Lost among all of the things that went quite wrong for the Habs last season was that Jeff Petry wound up having a career year. How will he follow that up in 2018-19?
Petry went into last season set to be a defensive anchor on the second pairing. He was supposed to provide some support behind Shea Weber while complementing Karl Alzner’s skillset. Of course, Weber missed most of the season with a foot injury and Alzner, who was also supposed to help take some pressure off the top pairing, struggled considerably. Add it all up and Petry’s role resembled what it was in Edmonton for a time – there was him and not a whole lot else.
Not surprisingly, Petry didn’t handle the extra workload particularly swimmingly. There were moments where he really stood out in a positive way and stepped up. However, there were others where he made poor decisions both with and without the puck and looked like someone that needed to be moved down the lineup.
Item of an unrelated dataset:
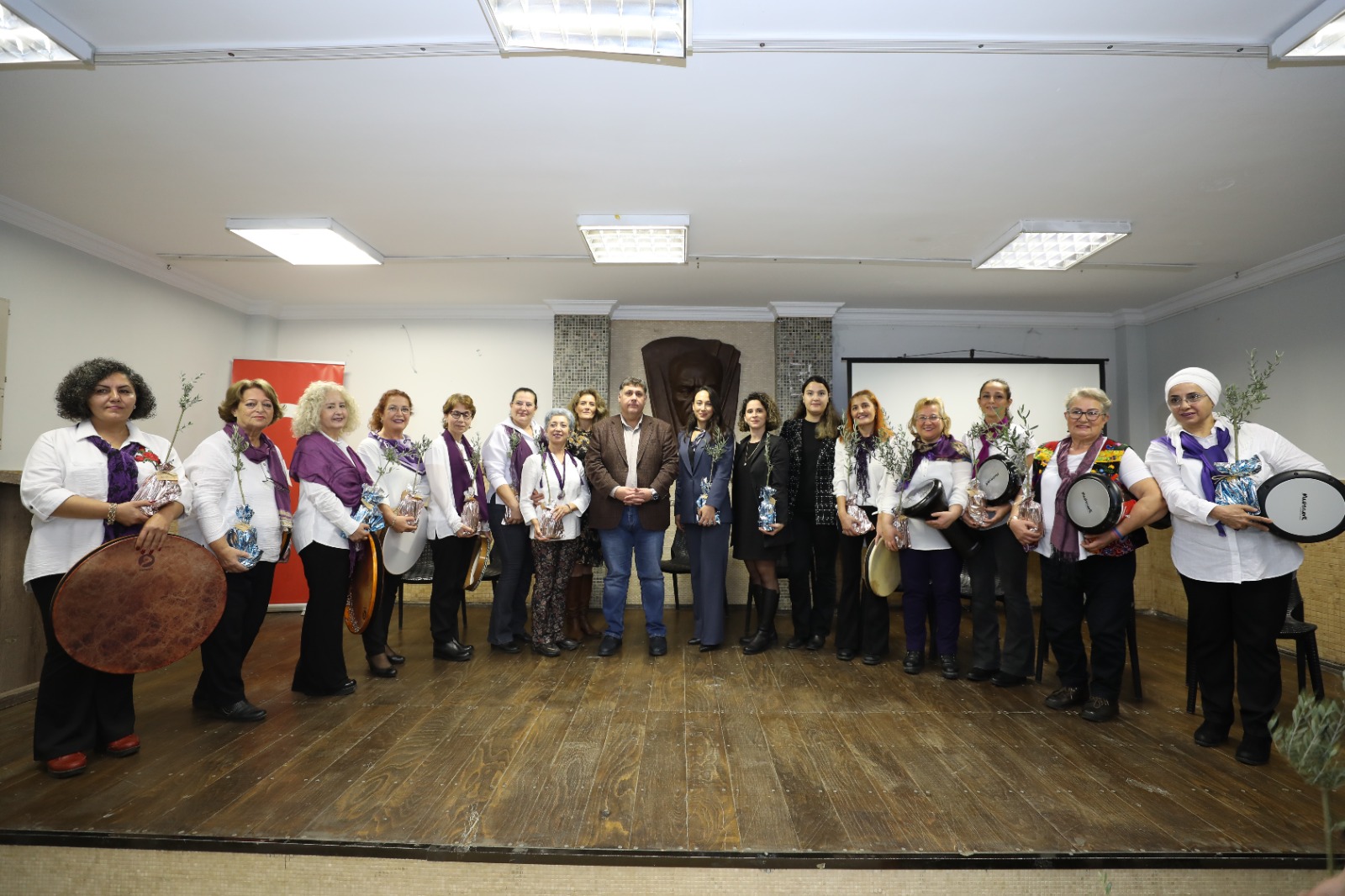 Menderes’te 'kadına şiddete karşı' panel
Unfortunately, with the lack of options behind him, the team had no choice but to keep rolling him out in a number one role.
As a result, Petry got all of the ice time he could handle and played in all situations. He responded with a career year in point production while not letting up on his usual proficiency for blocking shots as well as hits. It was an ugly year for a lot of players but not for Petry.
5 Year Averages
With Weber out to start the season, Petry will once again be on the top pairing when the puck drops in October. Instead of being asked to be on the second power play unit, he will be asked to be the point threat (largely by default) on the top one which should give him some extra opportunities to produce early on. He has always been a regular on the penalty kill and that’s going to be the case for him again next season as well.
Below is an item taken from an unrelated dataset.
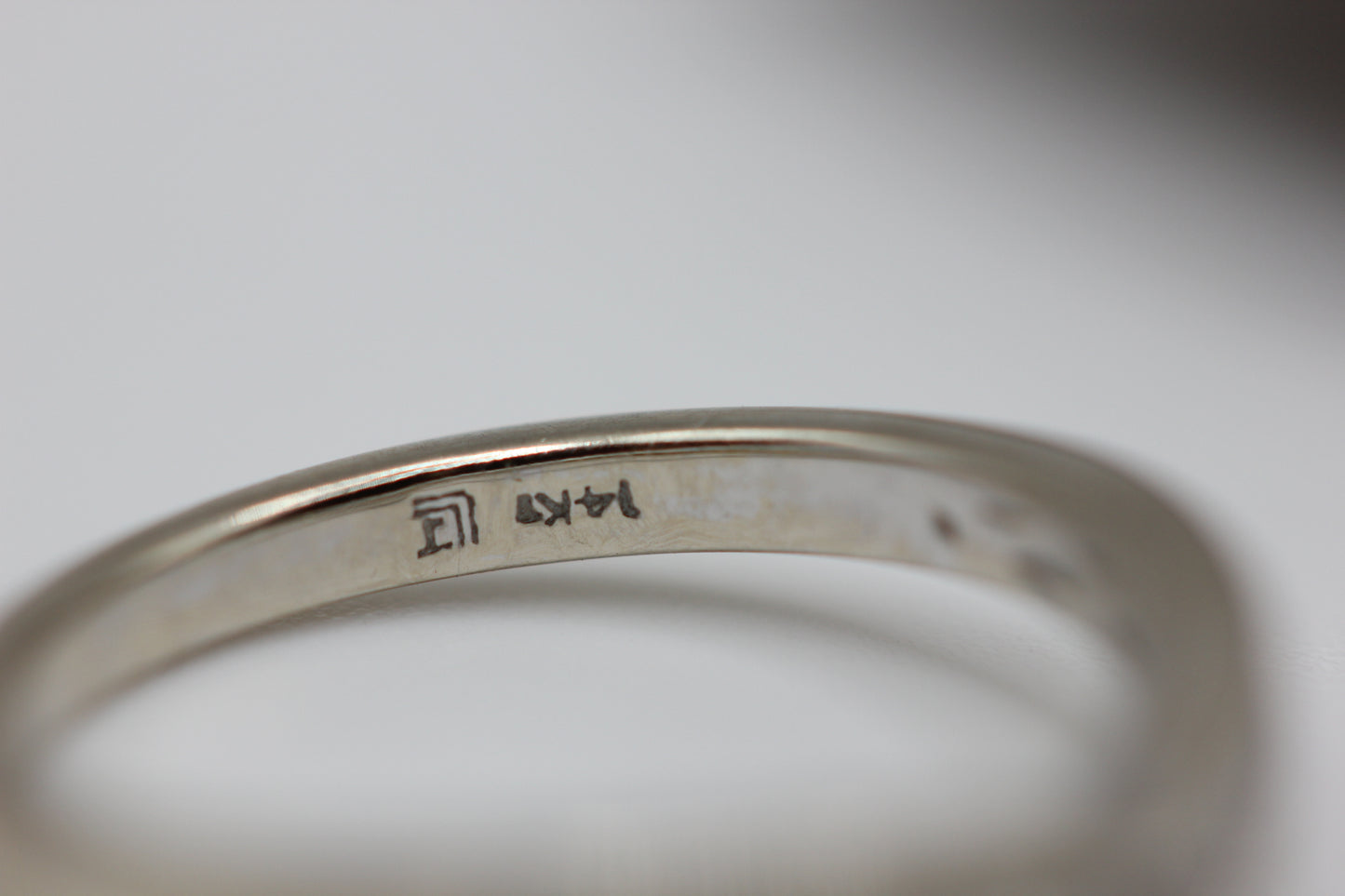 V-shaped diamond ring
On the flip side, Petry is going to be asked to carry whoever his partner is. Alzner struggled with Petry as a partner last year (and every other playing partner he had) and there isn’t really anyone on the left side that is legitimately qualified to play on a top pairing. Whoever is up there with Petry is going to have his flaws and that will probably have Petry thinking more about defence and stability than attacking at five-on-five.
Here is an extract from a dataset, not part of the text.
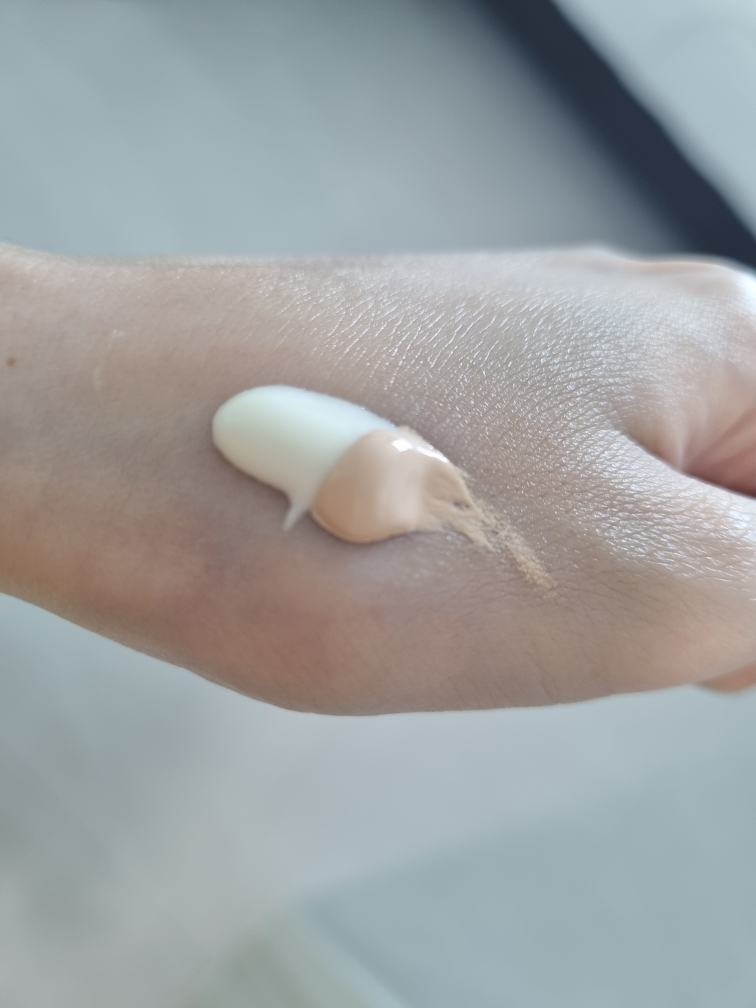 全天候防晒霜 [SPF50+/PA++++]的真实用户使用照片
With the number one job his with no legitimate challenger for that position until Weber returns, there is some cause for optimism when it comes to his numbers. 40-plus points could be iffy (especially if he’s playing safer at even strength) but 30 or more points is certainly doable which makes him a useful fantasy player in all formats.
However, I think Petry is often undervalued in fantasy hockey as he is one of a small group of players that is a safe bet (when healthy) to be a ‘triple-triple’ player. He’s likely to surpass 100 hits, blocks, and shots again next season so for leagues that have those stats as categories, he goes from a decent option to one of the better secondary blueliners available. On the negative side of things, there’s a very good chance that his plus/minus rating will be ugly once again so knock him down your rankings a little bit in pools that still have that as a stat.
When you think of notable players on the Canadiens, Petry often doesn’t come to mind right away. However, in fantasy hockey, he should be one of the first Habs off the board on draft day.